RF: They also usually employ a perspective from upstream, which is another thing that surfaced during our research. The view on the Danube is always defined from the upper part of the river, seeing the Lower Danube as some kind of exotic, wild, untouched realm. The “language” of the Danube is also German. Thus, there are plenty of colonialist assumptions. What we found is that when you start thinking about the materiality and ecology of the river, it somehow also connects to a shift away from this Upper Danube perspective. In other words, thinking about the river in ecological terms also challenges a dominant, colonialist logic.

like a bird
Like a Bird, exhibition at Trafó Gallery.

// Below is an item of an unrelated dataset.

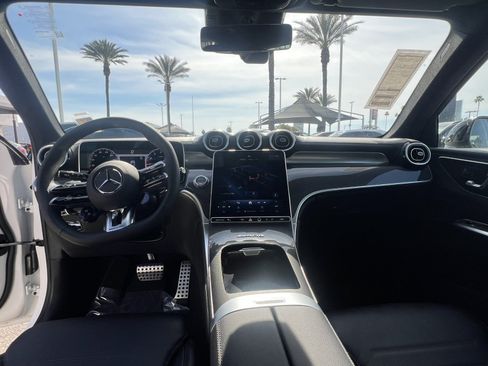 New 2026 Mercedes-Benz GLC 43 AMG 4MATIC image 15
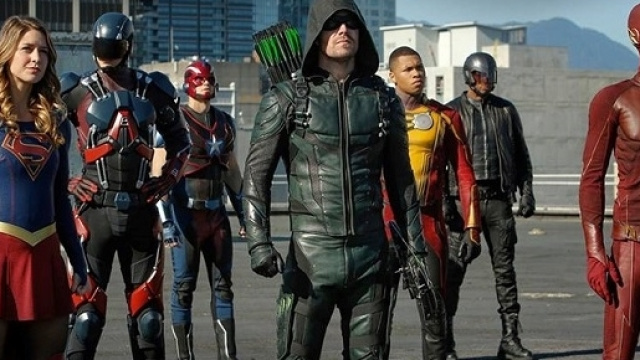 Serie TV: ecco il promo del 25/08 con The Flash, Arrow e Legends of Tomorrow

Photo: ArtDetektor

JL: Do you feel that this project has created a network between the different actors that have taken part in it?

MF: We hope so. There was definitely a lot of dialogue going on between different participants, and the closing event at the Central European University was one of the most engaging conferences we have organized thus far, because there were so many points of view coming together and creating a new perspective. I also think that somehow slowly the situation in Hungary is getting closer to the point where scientists and artists can work together on joint projects. It is a very common phenomenon in many other places, but currently we lack the necessary structural support. One of the intentions of the project was to aid this process and spread the word about forms of intellectual and experiential exchange that challenge the historical divide between science and the arts.

 

The interview was conducted in September 2015 in English, and was first published on tranzitblog.hu in October 2015 in Hungarian

 

About the author

Júlia Laki holds a Master’s degree in Gender Studies; she currently works as a translator and editor while co-managing a small olive oil company based in Greece.

 

Notes:

 

  1.  The first workshop of the River School took place at Whitechapel Gallery in London in August 2013 and the project continued until April 2015, when the River Ecologies book was published. For details of the program, see: www.translocal.org/riverschool/
  2.  Like a Bird: Avian Ecologies in Contemporary Art, curated by Maja and Reuben Fowkes, Trafó Gallery Budapest, December 13, 2013 to January 26, 2014, tranzit.ro Bucharest, May 9 to June 4, 2014.